The links between environmental crimes and illicit financial activities have become increasingly clear. Investigations conducted by Brazil’s Federal Public Ministry (Ministério Público Federal – MPF) and the Federal Police (Polícia Federal – PF), such as the emblematic Operation Archimedes, whose first phase started in Amazonas in December 2017, have revealed well organised criminal networks which operate in increasingly complex ways. Such criminal schemes involve, for example, the corruption of public servants of environmental agencies and fraud in environmental licensing to facilitate the trade of illegally extracted forest products and minerals. There is also strong evidence of corruption and asset laundering related to export of gold from the Amazon, particularly the gold extracted illegally (garimpo ilegal).

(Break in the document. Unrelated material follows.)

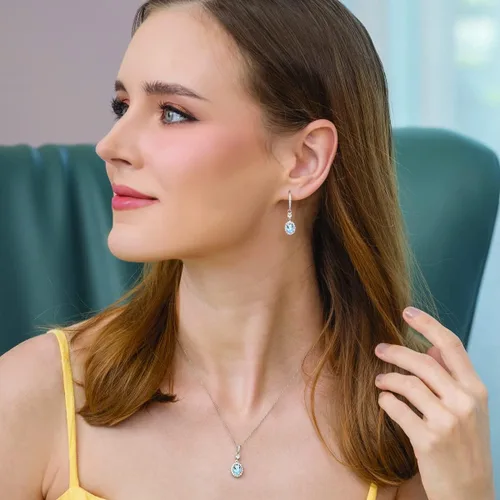 Vista 3 de B. BRILLIANT Juego de collar y aretes colgantes ovalados de plata esterlina con piedras preciosas genuinas o sintéticas para mujeres y niñas con caja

As a result, civil society organizations have carried out studies and projects to develop possible responses aimed at disrupting the criminal networks perpetrating environmental crimes and associated financial crimes, including projects to promote greater transparency and traceability, stronger social participation, and broader access to justice and information on environmental issues.

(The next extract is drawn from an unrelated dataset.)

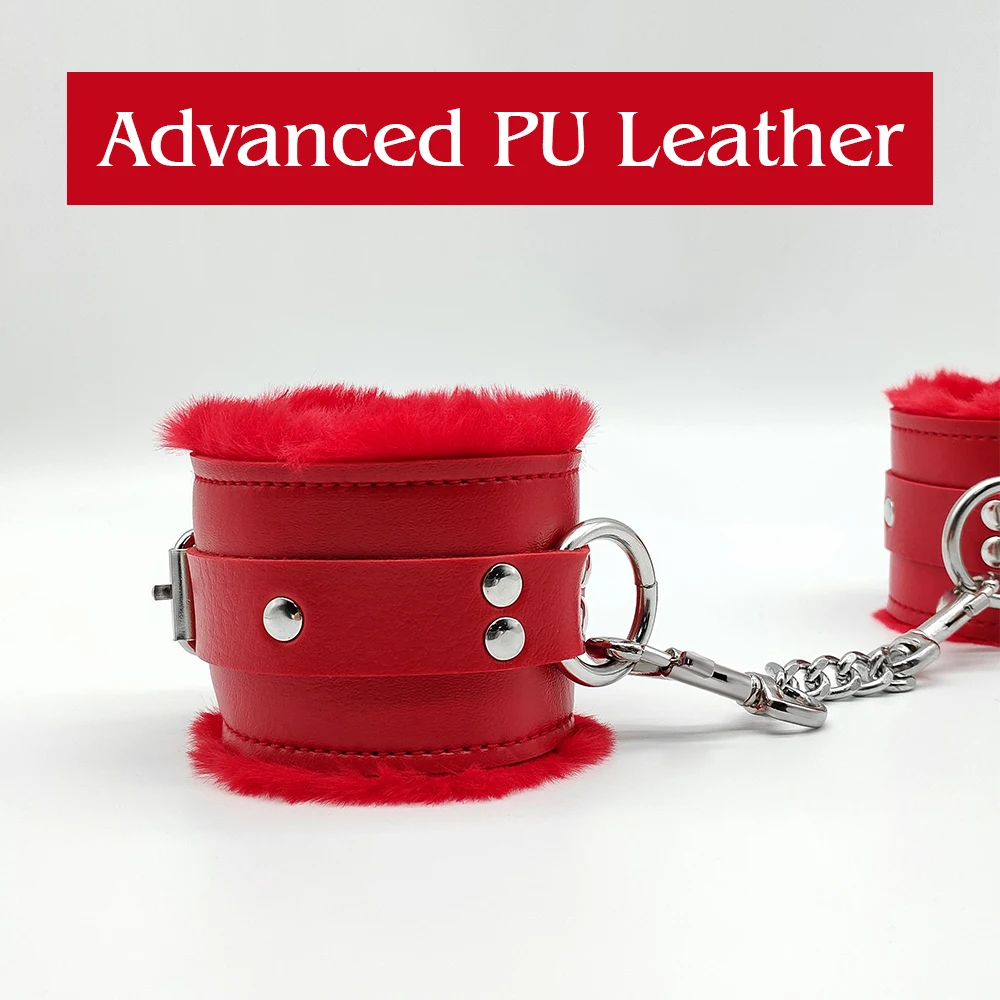 2PCS Plush Leather Handcuffs with Blindfold Kit Fuzzy Wrist Cuffs and Eye Mask Restraints for Adults Games Play 2PCS Plush Leather Handcuffs with Blindfold Kit Fuzzy Wrist Cuffs and Eye Mask Restraints for Adults Games Play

Against this background, in December 2021, Plataforma CIPÓ published the strategic report “Environmental crimes as organized crime: illegal gold mining in the Amazon “, authored by Felipe Schaeffer Neves and Maiara Folly.

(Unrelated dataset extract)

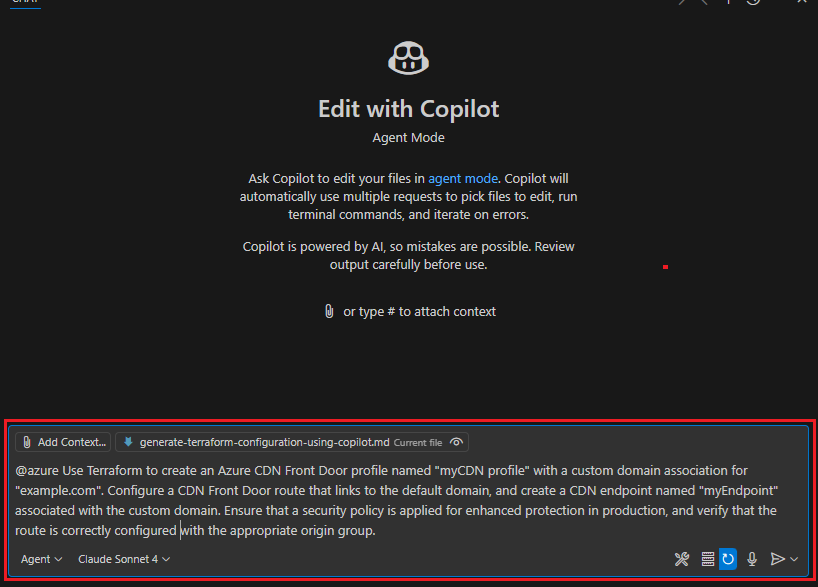 Screenshot of a Terraform configuration prompt using Copilot in VS Code.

The study is structured in five parts. The first section provides an overview of the gold supply chain in Brazil, highlighting the expansion of illegal mining in the Brazilian Amazon in recent years and the lack of mechanisms for tracking and controlling the sale of gold extracted illegally.
The second section addresses the network of crimes associated with illegal mining in Brazil, based on emblematic cases of criminal organization formation, fraud, corruption and money and asset laundering, whose actors involved range from political figures to drug trafficking groups.
The third section illustrates the negative impacts of illegal mining, particularly for indigenous peoples, with a focus on the adverse health effects caused by the use of mercury. The report then highlights emerging initiatives aimed at ensuring greater transparency and control of the gold supply chain in Brazil.
The final section presents recommendations for the improvement of the existing normative framework and public policies aimed at dismantling the criminal networks associated with the gold illegally extracted in the Amazon region.